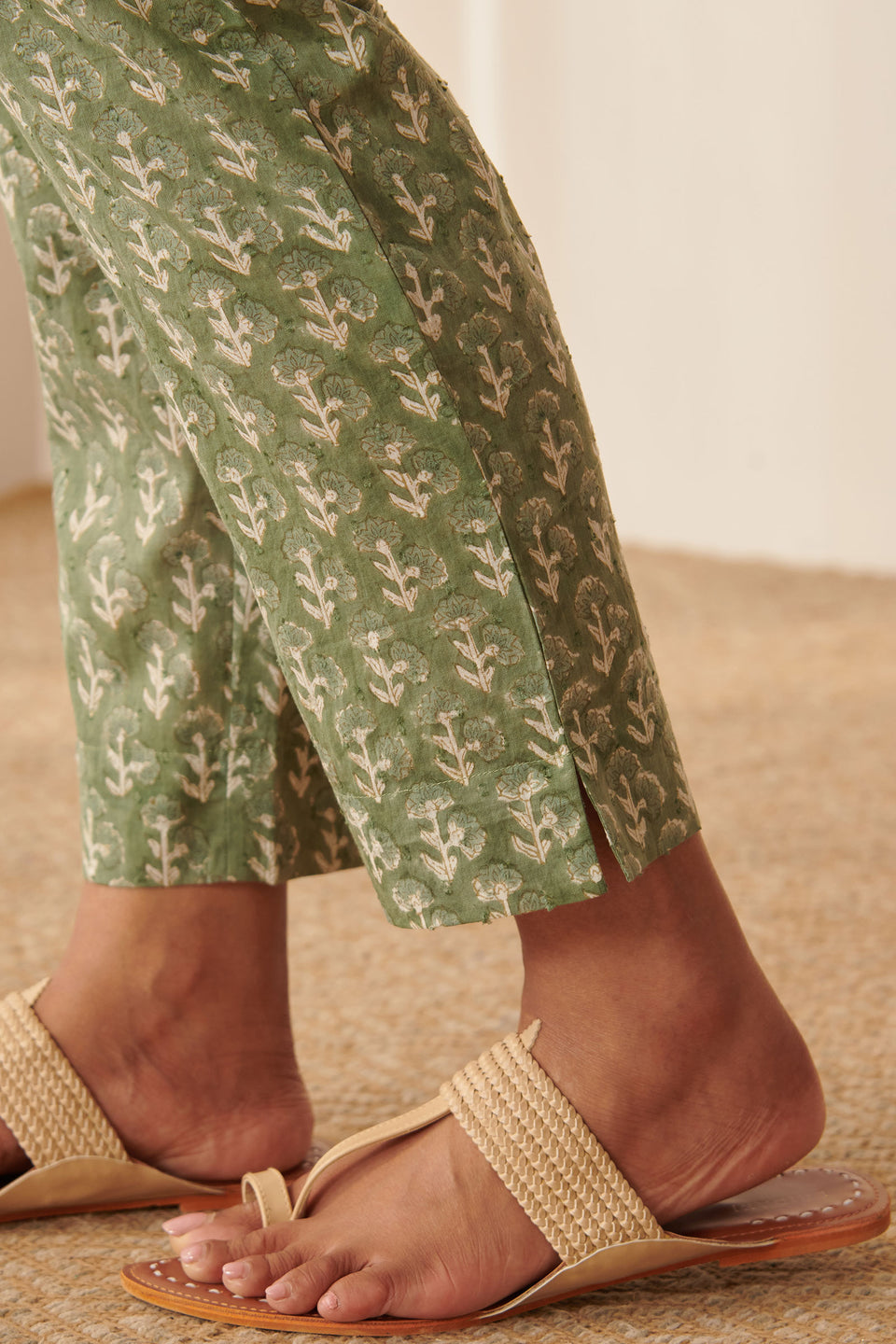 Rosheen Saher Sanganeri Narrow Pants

____

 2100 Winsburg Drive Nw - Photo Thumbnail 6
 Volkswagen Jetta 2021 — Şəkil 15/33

____

- _Work instruction_:
Word for word, restate the lines above from the line containing "2100 Winsburg Drive Nw - Photo Thumbnail 6" through the line containing "Volkswagen Jetta 2021 — Şəkil 15/33", with both included and nothing else.

- _The completed task_:
 2100 Winsburg Drive Nw - Photo Thumbnail 6
 Volkswagen Jetta 2021 — Şəkil 15/33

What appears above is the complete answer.